用 Python 创建 NBA 得分图表,pythonnba,未经许可,禁止转载!英文


本文由 编橙之家 - Sam Lin 翻译,艾凌风 校稿。未经许可,禁止转载!
英文出处:Savvas Tjortjoglou。欢迎加入翻译组。

在这篇文章中,我研究了如何提取一个篮球运动员的得分图数据,然后使用 matplotlibseaborn 绘制得分图。

Python
%matplotlib inline
import requests
import matplotlib.pyplot as plt
import pandas as pd
import seaborn as sns

获取数据

从 stats.nba.com 获取数据是非常简单的。虽然 NBA 没有提供一个公共的 API,但是实际上我们可以通过使用 requests 库来访问 NBA 用在 stats.nba.com 上的 API。Greg Reda 发布的这篇博客很好地解释了如何访问这个 API(或者为任意 web 应用找到一个 API 来完成上述问题)。
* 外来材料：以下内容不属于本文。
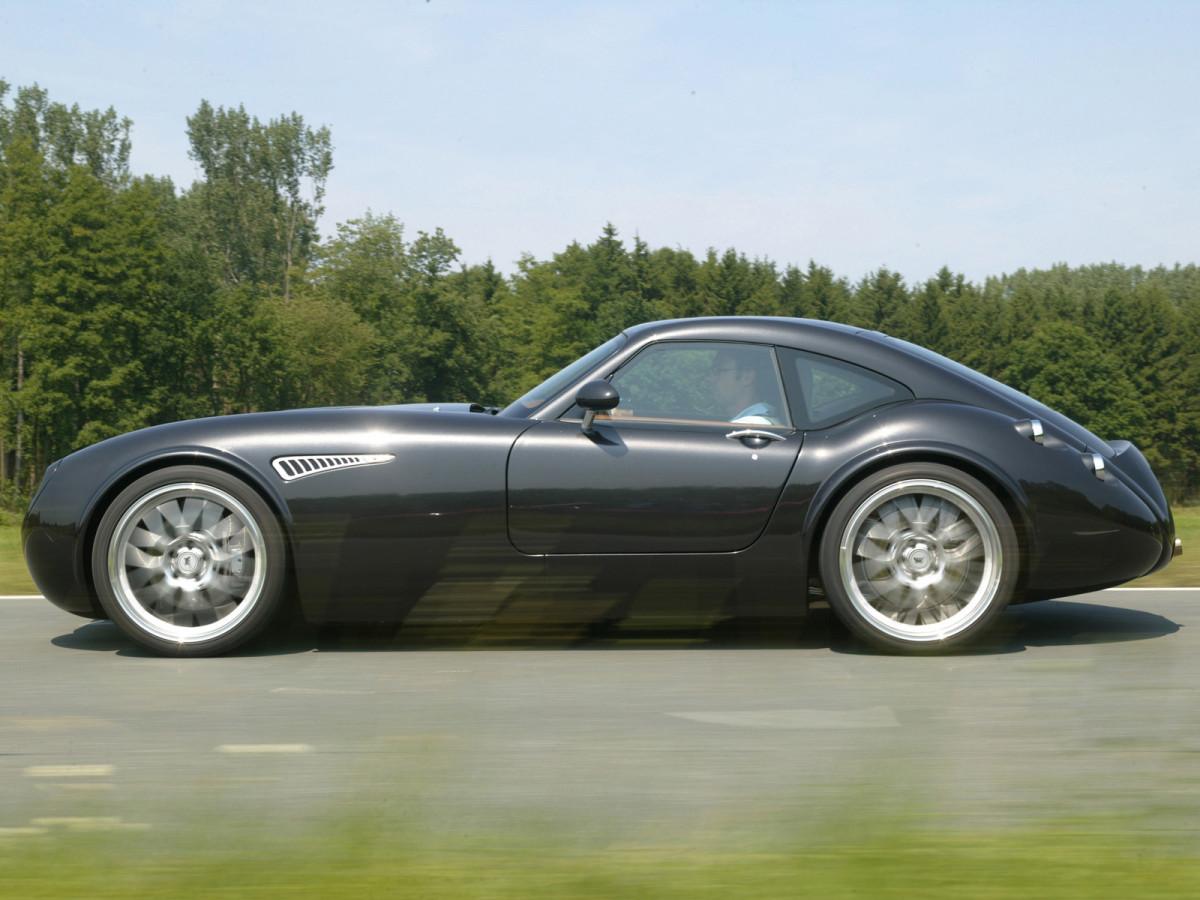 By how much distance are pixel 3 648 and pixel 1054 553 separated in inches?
167

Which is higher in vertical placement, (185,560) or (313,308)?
(313,308)

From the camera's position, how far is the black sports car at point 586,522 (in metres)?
4.78

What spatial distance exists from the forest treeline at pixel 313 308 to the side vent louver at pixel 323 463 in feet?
171

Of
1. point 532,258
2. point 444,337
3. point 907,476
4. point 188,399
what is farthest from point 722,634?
point 532,258

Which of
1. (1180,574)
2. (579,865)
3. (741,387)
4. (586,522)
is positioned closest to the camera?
(579,865)

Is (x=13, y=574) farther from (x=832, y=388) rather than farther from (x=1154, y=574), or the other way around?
(x=1154, y=574)

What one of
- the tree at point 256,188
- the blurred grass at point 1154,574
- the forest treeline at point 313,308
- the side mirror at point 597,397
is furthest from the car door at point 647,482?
the tree at point 256,188

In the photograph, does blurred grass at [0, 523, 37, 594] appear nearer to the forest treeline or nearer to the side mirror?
the side mirror

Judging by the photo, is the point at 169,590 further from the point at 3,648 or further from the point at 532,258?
the point at 532,258

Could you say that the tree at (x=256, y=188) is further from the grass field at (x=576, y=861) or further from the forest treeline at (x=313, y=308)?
the grass field at (x=576, y=861)

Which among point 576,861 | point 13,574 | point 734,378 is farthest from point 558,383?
point 13,574

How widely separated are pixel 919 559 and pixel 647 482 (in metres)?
1.10

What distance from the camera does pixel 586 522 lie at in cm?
477

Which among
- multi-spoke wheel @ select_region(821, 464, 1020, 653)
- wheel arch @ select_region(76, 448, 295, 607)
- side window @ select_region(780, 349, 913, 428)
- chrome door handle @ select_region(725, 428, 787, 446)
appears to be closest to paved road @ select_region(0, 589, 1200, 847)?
multi-spoke wheel @ select_region(821, 464, 1020, 653) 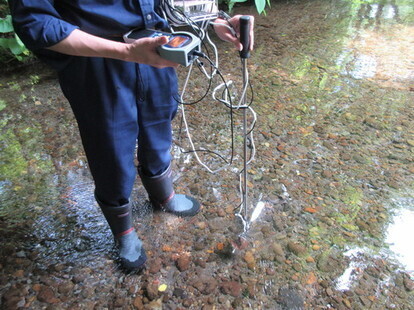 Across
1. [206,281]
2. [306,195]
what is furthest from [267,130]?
[206,281]

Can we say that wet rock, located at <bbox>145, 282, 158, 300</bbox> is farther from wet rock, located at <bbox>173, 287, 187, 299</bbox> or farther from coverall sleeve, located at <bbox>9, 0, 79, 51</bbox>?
coverall sleeve, located at <bbox>9, 0, 79, 51</bbox>

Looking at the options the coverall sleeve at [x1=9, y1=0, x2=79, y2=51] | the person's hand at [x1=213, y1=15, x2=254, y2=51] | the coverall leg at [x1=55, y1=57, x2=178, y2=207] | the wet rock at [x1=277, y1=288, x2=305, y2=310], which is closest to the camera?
the coverall sleeve at [x1=9, y1=0, x2=79, y2=51]

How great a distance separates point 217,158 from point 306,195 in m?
0.65

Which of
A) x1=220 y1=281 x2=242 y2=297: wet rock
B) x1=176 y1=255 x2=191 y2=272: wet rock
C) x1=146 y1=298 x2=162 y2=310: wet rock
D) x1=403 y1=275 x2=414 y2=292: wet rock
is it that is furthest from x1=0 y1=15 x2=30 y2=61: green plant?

我们将会使用这个 URL 来获取 James Harden 的得分图数据。

Python
shot_chart_url = 'http://stats.nba.com/stats/shotchartdetail?CFID=33&CFPAR'\
                'AMS=2014-15&ContextFilter=&ContextMeasure=FGA&DateFrom=&D'\
                'ateTo=&GameID=&GameSegment=&LastNGames=0&LeagueID=00&Loca'\
                'tion=&MeasureType=Base&Month=0&OpponentTeamID=0&Outcome=&'\
                'PaceAdjust=N&PerMode=PerGame&Period=0&PlayerID=201935&Plu'\
                'sMinus=N&Position=&Rank=N&RookieYear=&Season=2014-15&Seas'\
                'onSegment=&SeasonType=Regular+Season&TeamID=0&VsConferenc'\
                'e=&VsDivision=&mode=Advanced&showDetails=0&showShots=1&sh'\
                'owZones=0'

上述 URL 发送给我们一个 JSON 文件,该文件包含我们想要的数据。也要注意到 URL 包含了用于访问数据的各种 API 参数。URL 中被设置为 201935 的 PlayerID 参数就是 James Harden 的 PlayerID

现在让我们使用 requests 库来获取我们想要的数据。

Python
# Get the webpage containing the data
response = requests.get(shot_chart_url)
# Grab the headers to be used as column headers for our DataFrame
headers = response.json()['resultSets'][0]['headers']
# Grab the shot chart data
shots = response.json()['resultSets'][0]['rowSet']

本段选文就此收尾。